HOW TO COMPLETE THIS TASK →
Starting at the line that contains "Instructor performing yoga with seniors" and stopping at the line that contains "8 Porch Street", restate each line of the records below exactly. Omit the pictures.

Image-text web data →
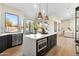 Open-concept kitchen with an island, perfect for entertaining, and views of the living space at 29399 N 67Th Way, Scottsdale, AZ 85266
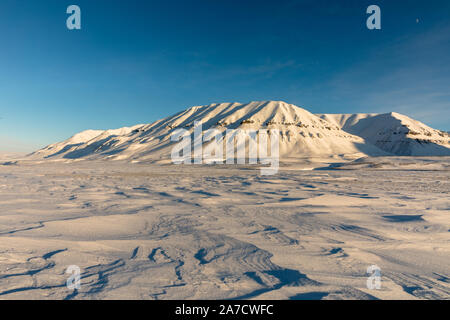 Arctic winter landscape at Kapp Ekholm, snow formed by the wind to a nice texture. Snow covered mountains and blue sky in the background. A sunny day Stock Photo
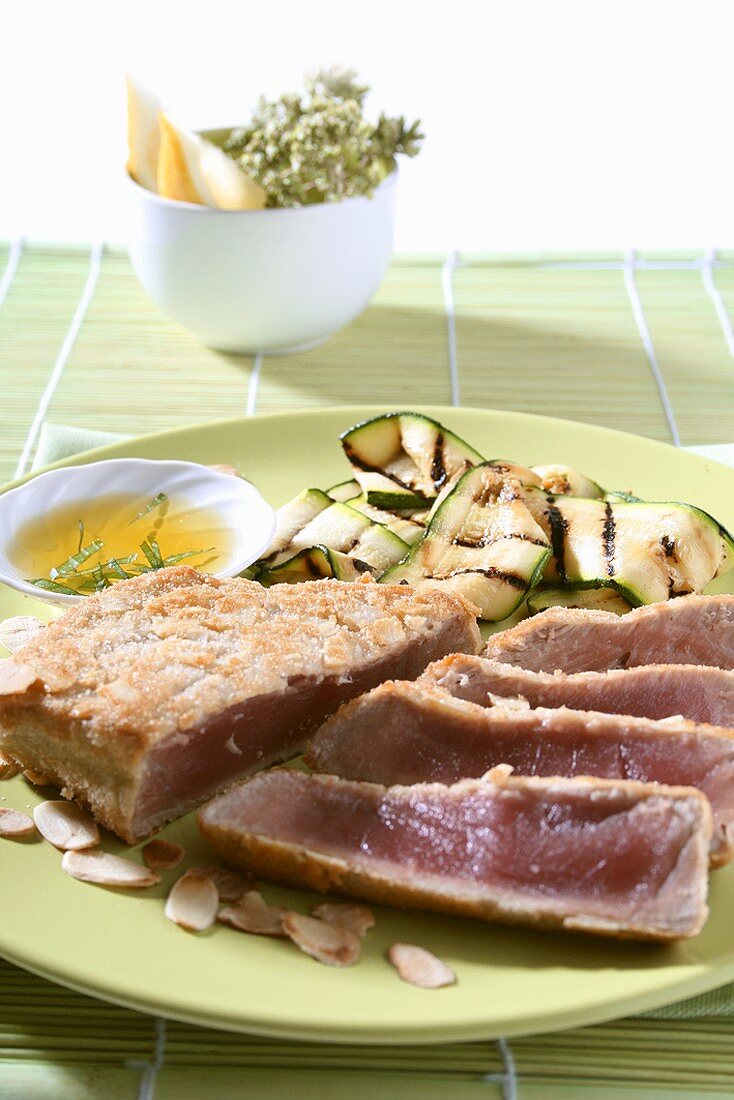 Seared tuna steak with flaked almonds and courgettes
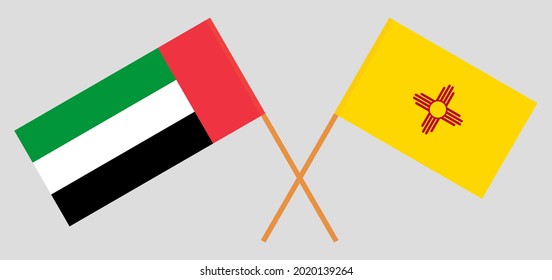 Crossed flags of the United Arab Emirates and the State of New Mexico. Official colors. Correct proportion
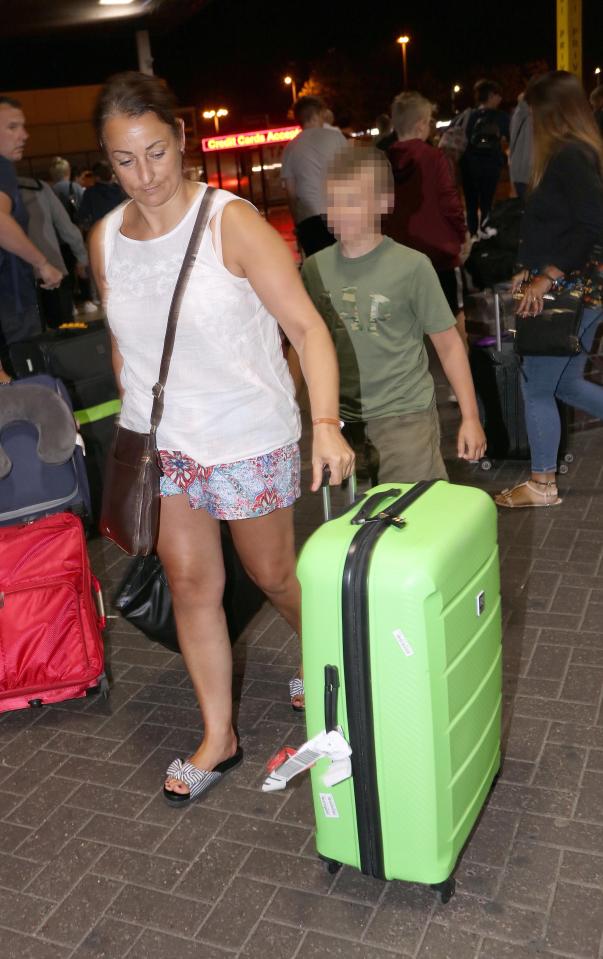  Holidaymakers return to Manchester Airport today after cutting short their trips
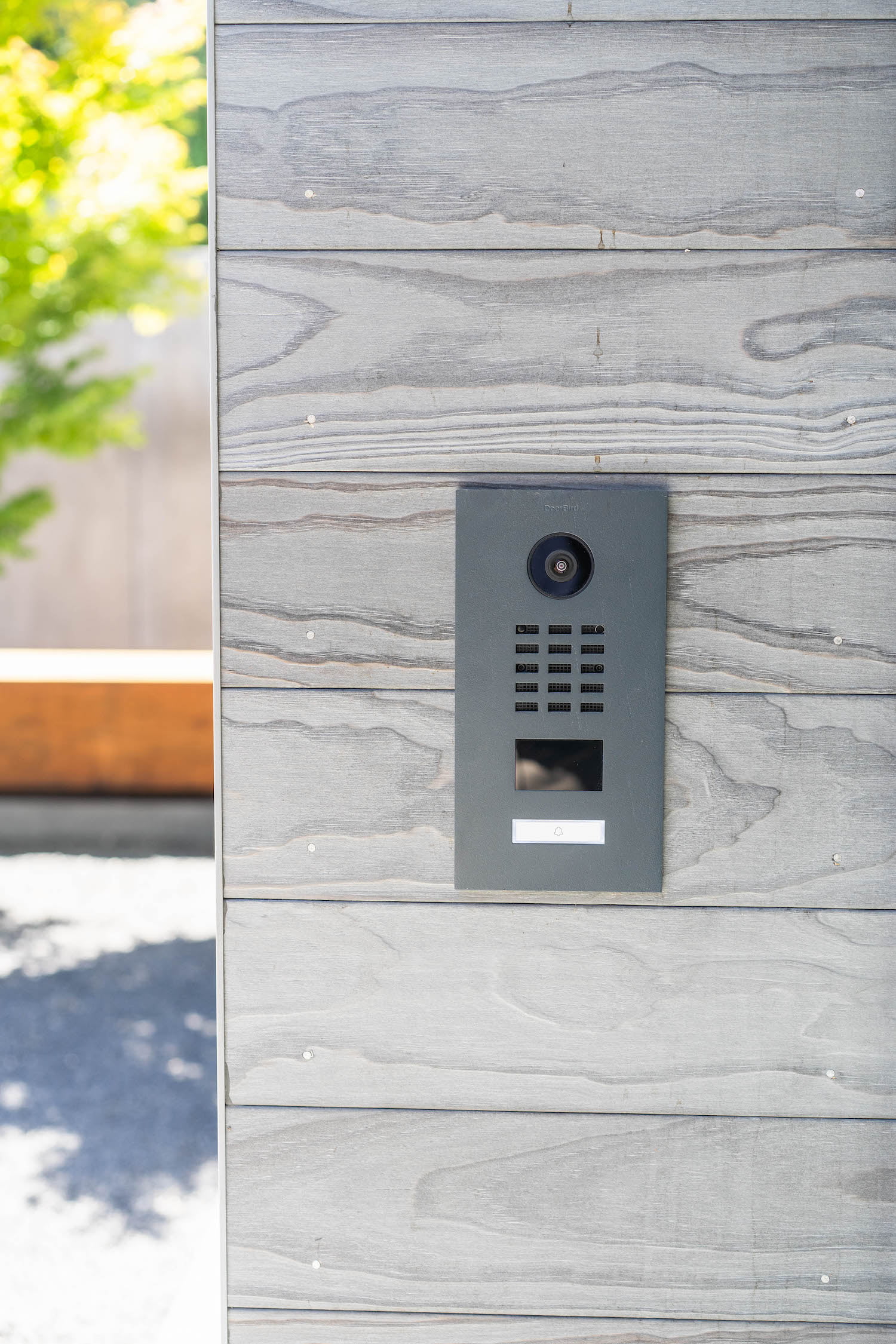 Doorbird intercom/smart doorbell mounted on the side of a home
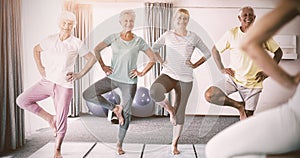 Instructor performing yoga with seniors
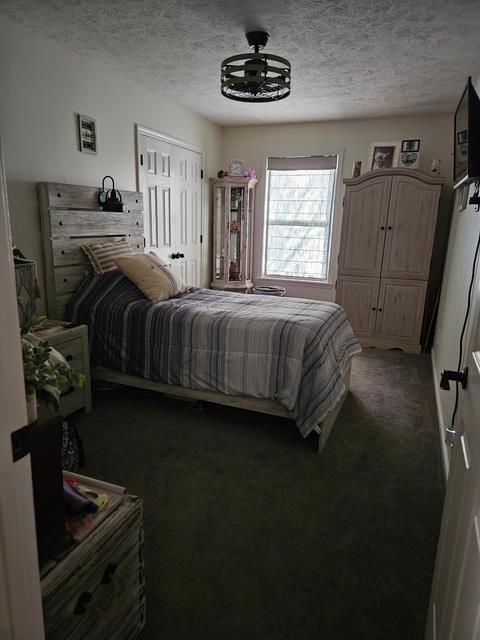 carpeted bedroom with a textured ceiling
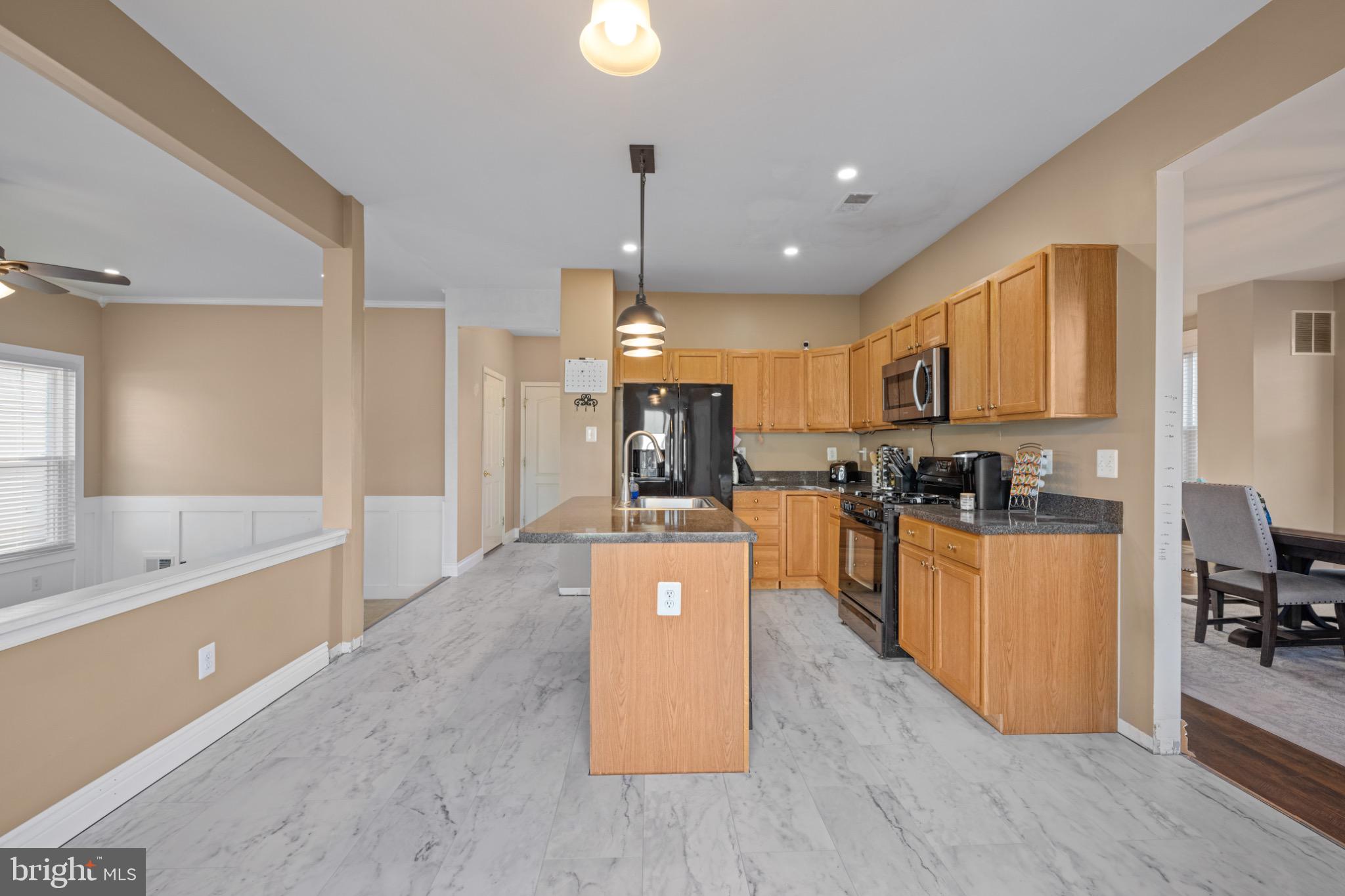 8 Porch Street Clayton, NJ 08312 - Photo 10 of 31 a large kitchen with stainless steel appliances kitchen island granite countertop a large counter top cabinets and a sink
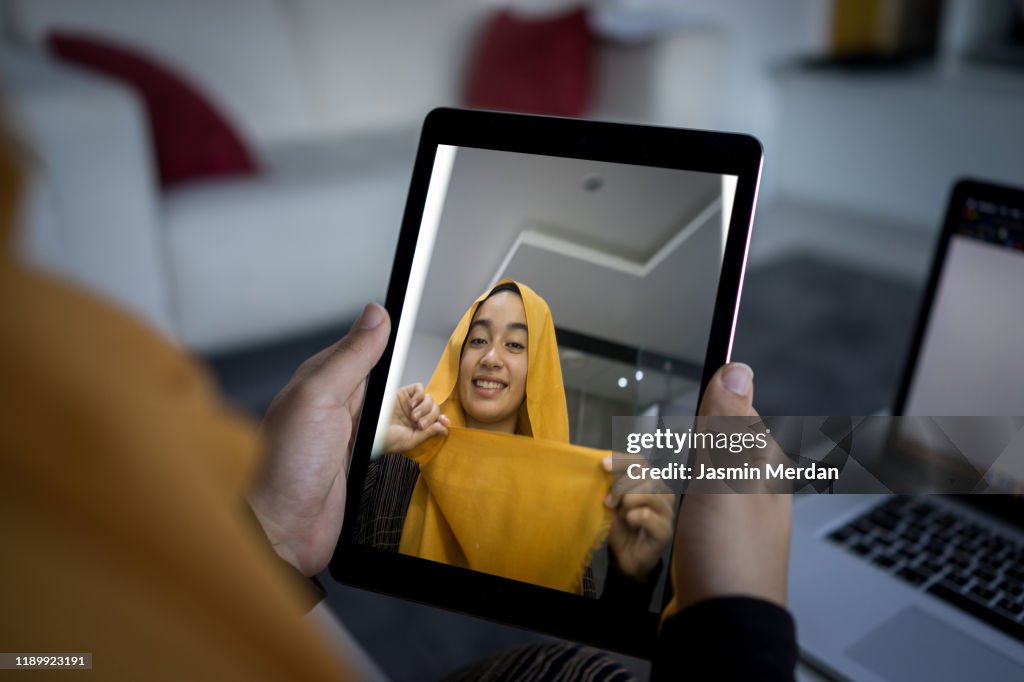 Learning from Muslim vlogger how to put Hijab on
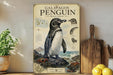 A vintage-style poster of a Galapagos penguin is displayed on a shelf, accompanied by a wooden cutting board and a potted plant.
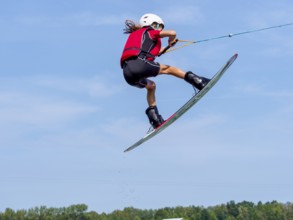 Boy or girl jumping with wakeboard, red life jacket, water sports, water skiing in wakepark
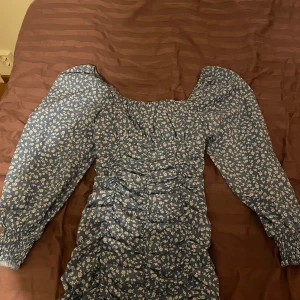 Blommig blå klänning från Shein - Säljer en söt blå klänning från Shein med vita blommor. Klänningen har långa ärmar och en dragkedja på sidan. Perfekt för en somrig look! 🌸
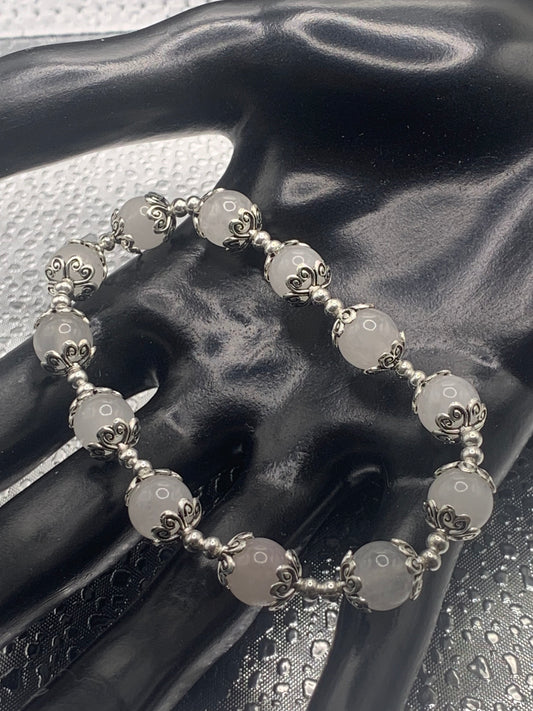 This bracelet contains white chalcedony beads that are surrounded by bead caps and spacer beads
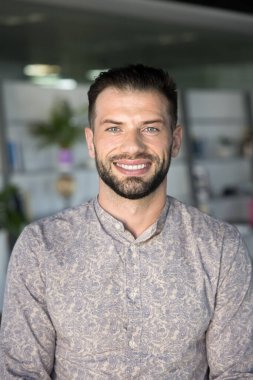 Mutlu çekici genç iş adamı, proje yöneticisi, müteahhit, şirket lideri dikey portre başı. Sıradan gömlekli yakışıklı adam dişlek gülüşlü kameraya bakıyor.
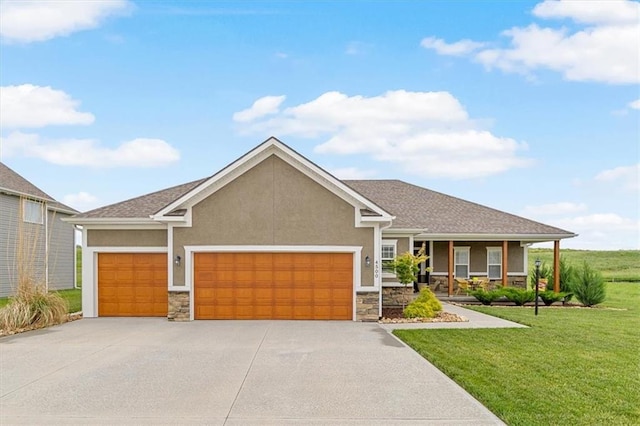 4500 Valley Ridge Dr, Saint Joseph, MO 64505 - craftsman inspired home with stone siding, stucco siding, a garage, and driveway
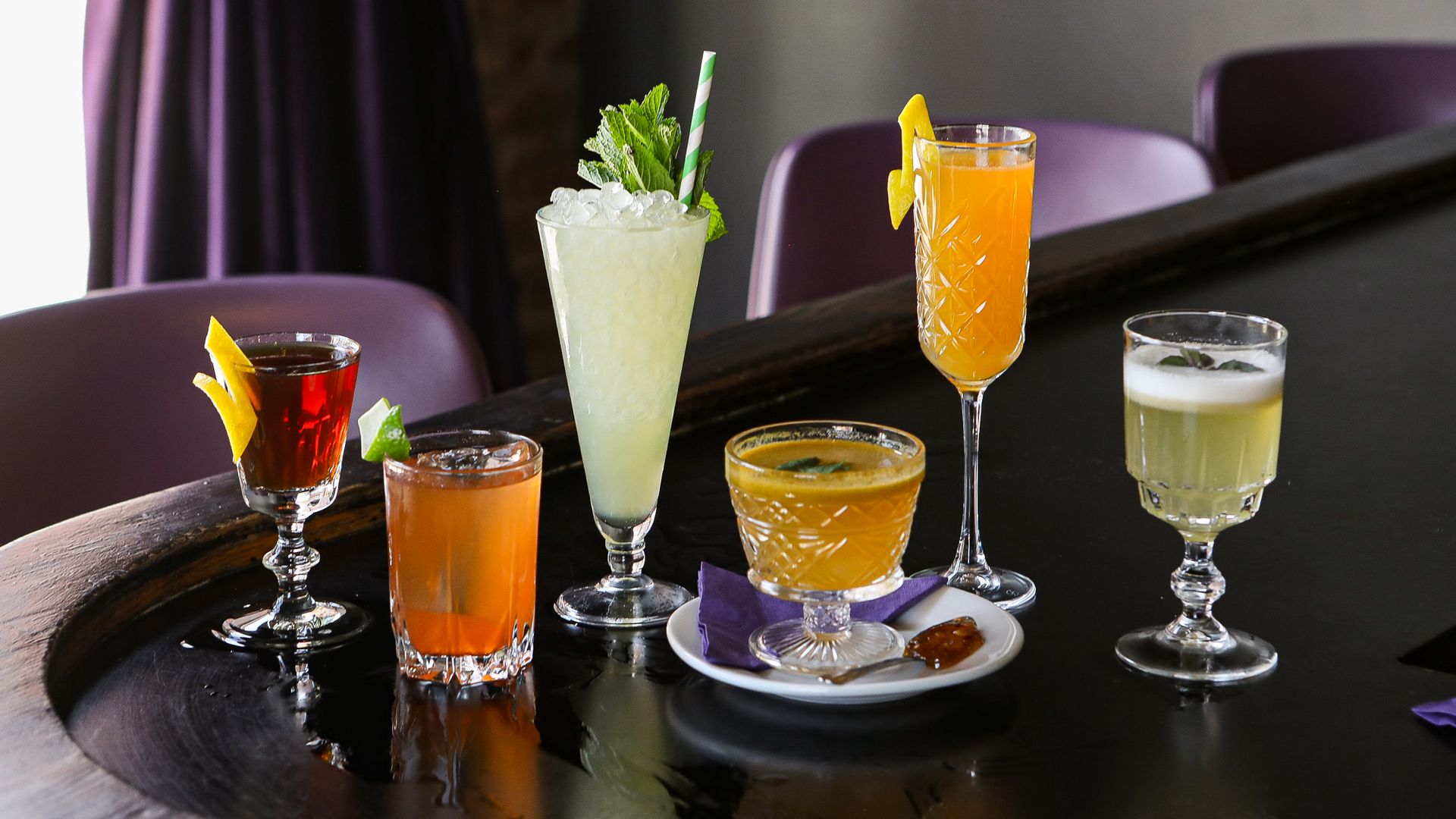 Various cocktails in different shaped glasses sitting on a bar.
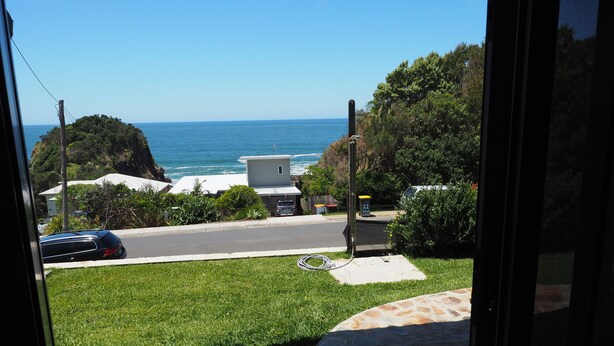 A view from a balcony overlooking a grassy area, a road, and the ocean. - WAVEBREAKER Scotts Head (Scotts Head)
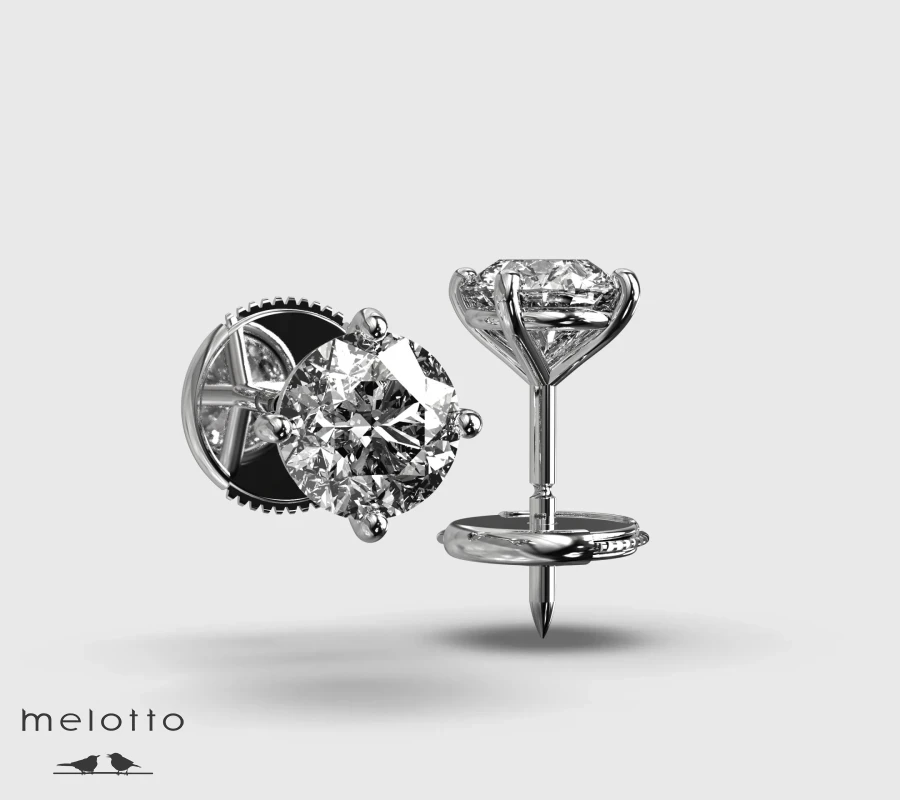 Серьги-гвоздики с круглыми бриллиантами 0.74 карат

RESPONSE →
 Instructor performing yoga with seniors
 carpeted bedroom with a textured ceiling
 8 Porch Street Clayton, NJ 08312 - Photo 10 of 31 a large kitchen with stainless steel appliances kitchen island granite countertop a large counter top cabinets and a sink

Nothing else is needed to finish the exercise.